Os registros de intolerância religiosa são comuns Brasil
afora, mas no Rio têm uma característica particular: passaram a envolver
traficantes e evangélicos. Após ataques a terreiros de umbanda e candomblé na
Baixada Fluminense, a polícia identificou o mandante e, na semana passada,
prendeu oito traficantes acusados de integrar seu grupo, o chamado Bonde de
Jesus.
Segundo a polícia, o mandante é Álvaro Malaquias Santa Rosa,
o Peixão, do Terceiro Comando Puro (TCP), um dos criadores do Bonde de Jesus,
vertente inédita da intolerância religiosa no Estado. Estima-se que existam
hoje 200 terreiros sob ameaça. Os casos são investigados pela Delegacia de
Crimes Raciais e Delitos de Intolerância (Decradi), criada em 2018.
Investigações apontam que a peculiar relação entre
religiosos e criminosos aconteceu depois que a cúpula do TCP foi convertida por
uma igreja neopentecostal. Há informações, ainda não confirmadas, de que Peixão
teria sido ordenado pastor. Trata-se de uma característica específica dessa
facção, não sendo reproduzida nem pelos demais grupos de traficantes nem por
milicianos.
“A situação de intolerância sempre existiu, mas tivemos uma
piora quando indivíduos ligados à cúpula de uma facção resolveram se
converter”, afirma o delegado da Decradi, Gilbert Stivanello. “Eles distorcem a
doutrina religiosa e agridem outras religiões, sobretudo as de matriz
africana.” As principais lideranças evangélicas do Rio condenam os ataques.
Conversão
Um dos primeiros a se converter foi Fernando Gomes de
Freitas, o Fernandinho Guarabu, há cerca de quatro anos. Ele era o chefe do
tráfico no Morro do Dendê, Ilha do Governador, até ser morto pela polícia em
junho. Outros, como Peixão, se converteram depois.
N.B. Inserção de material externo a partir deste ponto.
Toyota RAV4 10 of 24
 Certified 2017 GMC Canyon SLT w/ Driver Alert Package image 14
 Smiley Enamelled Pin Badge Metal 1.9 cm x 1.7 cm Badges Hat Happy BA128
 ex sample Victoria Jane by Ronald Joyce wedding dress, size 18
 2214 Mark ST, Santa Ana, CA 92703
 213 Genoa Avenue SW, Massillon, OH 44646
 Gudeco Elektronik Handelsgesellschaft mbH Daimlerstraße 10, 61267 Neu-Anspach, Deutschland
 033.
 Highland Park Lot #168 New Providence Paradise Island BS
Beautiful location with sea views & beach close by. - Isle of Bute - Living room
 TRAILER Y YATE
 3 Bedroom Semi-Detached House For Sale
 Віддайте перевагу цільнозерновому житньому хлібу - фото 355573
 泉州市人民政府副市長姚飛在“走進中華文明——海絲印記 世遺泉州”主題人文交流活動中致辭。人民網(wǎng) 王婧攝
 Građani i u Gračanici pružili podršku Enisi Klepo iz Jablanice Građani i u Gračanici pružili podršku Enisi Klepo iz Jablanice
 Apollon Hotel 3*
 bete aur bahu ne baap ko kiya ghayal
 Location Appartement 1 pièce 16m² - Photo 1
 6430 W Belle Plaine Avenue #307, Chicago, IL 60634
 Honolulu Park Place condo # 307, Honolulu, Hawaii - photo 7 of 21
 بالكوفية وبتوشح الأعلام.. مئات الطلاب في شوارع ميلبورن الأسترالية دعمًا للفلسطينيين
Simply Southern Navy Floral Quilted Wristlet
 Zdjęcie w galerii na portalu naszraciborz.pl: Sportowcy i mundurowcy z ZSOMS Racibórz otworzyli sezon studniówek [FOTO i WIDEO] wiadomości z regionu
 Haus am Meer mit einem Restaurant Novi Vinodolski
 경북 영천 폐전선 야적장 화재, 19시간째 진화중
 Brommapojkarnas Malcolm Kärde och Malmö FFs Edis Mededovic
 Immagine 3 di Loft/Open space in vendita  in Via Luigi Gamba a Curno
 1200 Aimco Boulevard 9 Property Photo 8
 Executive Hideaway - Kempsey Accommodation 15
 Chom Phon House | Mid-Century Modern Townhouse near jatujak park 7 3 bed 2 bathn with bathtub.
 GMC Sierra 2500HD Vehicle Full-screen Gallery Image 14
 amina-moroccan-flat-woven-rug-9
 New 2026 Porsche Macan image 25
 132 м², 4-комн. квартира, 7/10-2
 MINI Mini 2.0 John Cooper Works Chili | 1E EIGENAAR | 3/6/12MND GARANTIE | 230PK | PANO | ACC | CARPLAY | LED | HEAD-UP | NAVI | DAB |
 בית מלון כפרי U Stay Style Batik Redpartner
“Alguns deles se converteram dentro do presídio”, diz
Stivanello. “Eles viveram uma experiência distorcida da conversão, se tornando
‘bandido de Jesus’, como se isso fosse um ato de fé. Se pararmos para pensar,
não é muito diferente do terrorismo islâmico. É difícil mesmo entender a
lógica”, afirma.
Coordenadora do Centro Nacional de Africanidade e
Resistência Afro Brasileira, Célia Gonçalves Souza diz que o problema da
intolerância é nacional, mas que, de fato, vem ganhando contornos específicos
no Rio, sobretudo pela penetração de evangélicos no sistema carcerário. “No
Rio, esse problema é muito escancarado e o narcopentecostalismo só tende a
crescer. E passa pela questão das penitenciárias, onde há uma entrada muito
grande dos neopentecostais.”
Na Baixada Fluminense, traficantes passaram a ditar regras
dos terreiros, como horários das cerimônias e uso de fogos de artifício e
fogueiras. Eles também proíbem as pessoas de andarem com roupas brancas ou de
santo nas ruas. As invasões a terreiros são cada vez mais frequentes, com
destruição de oferendas e imagens sagradas.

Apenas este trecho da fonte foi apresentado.